_What is being asked_. Look below for the line with "Vtg steely black beaded clip-on earrings" and the line with "Creative ceramic cold"; repeat exactly those two lines and all lines between them, but no pictures.

_Record extracts_.
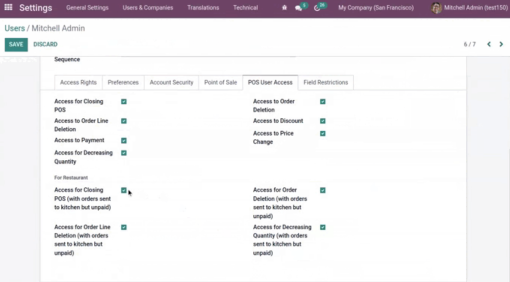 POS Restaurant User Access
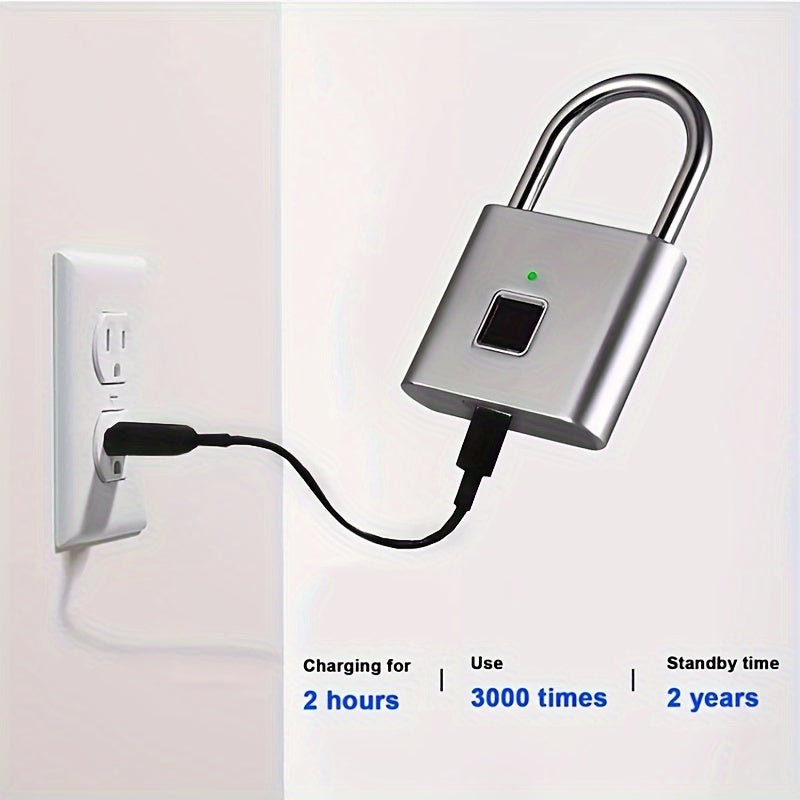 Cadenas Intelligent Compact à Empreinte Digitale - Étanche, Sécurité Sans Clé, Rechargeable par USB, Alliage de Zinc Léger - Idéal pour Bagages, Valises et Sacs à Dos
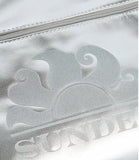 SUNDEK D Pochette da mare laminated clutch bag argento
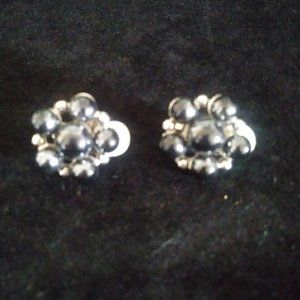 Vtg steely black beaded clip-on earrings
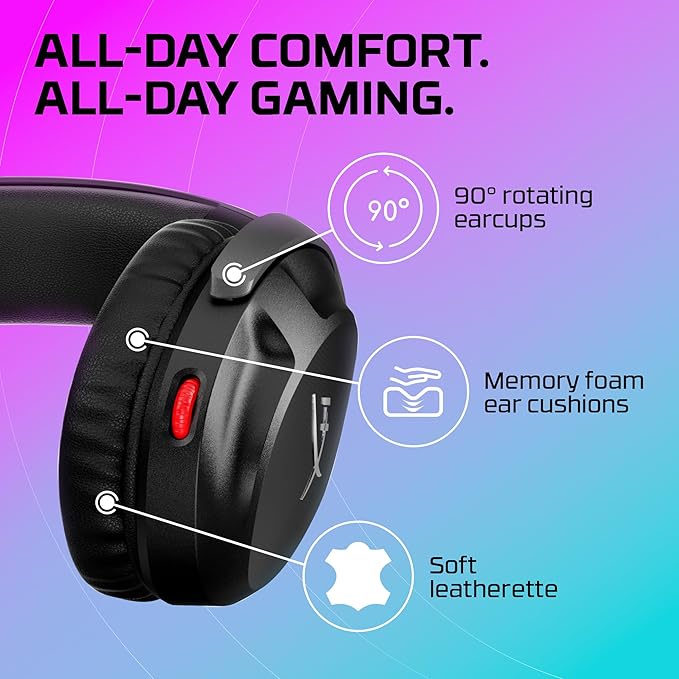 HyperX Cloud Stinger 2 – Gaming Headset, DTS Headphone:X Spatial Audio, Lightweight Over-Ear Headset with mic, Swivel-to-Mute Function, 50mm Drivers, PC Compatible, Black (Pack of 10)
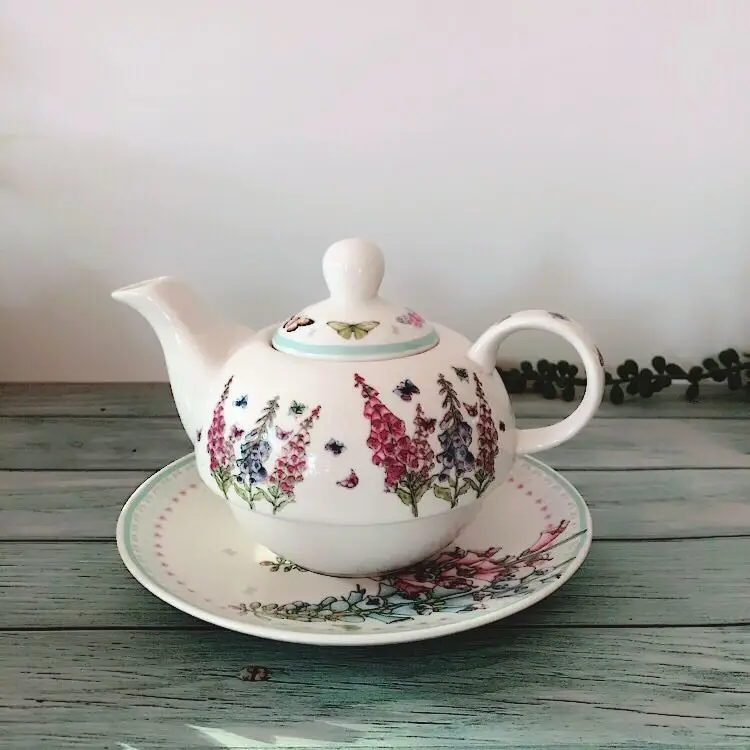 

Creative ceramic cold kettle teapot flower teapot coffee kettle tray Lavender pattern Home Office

...

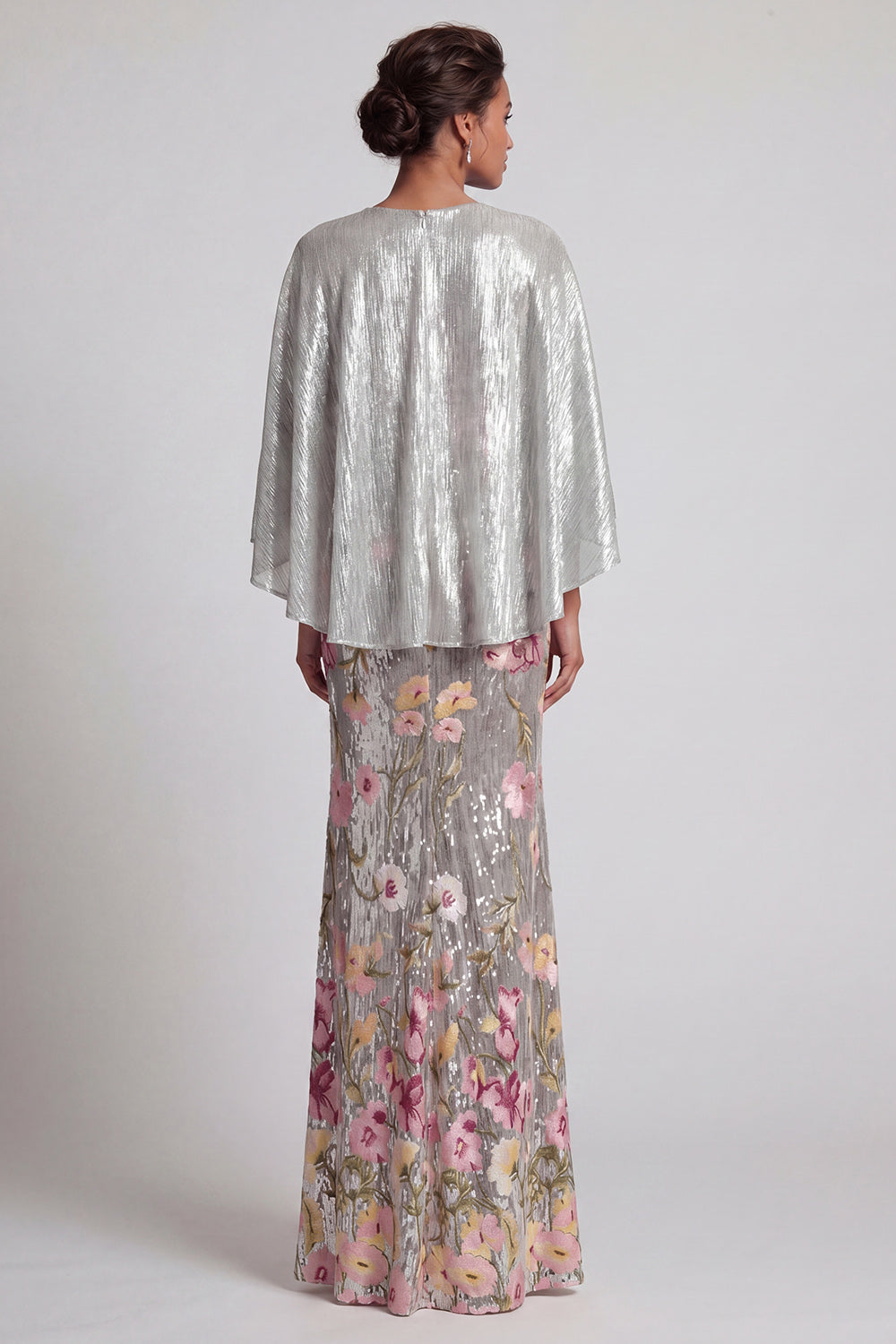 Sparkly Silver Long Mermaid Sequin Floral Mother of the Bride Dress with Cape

_Output_.
 Vtg steely black beaded clip-on earrings
 HyperX Cloud Stinger 2 – Gaming Headset, DTS Headphone:X Spatial Audio, Lightweight Over-Ear Headset with mic, Swivel-to-Mute Function, 50mm Drivers, PC Compatible, Black (Pack of 10)

Creative ceramic cold kettle teapot flower teapot coffee kettle tray Lavender pattern Home Office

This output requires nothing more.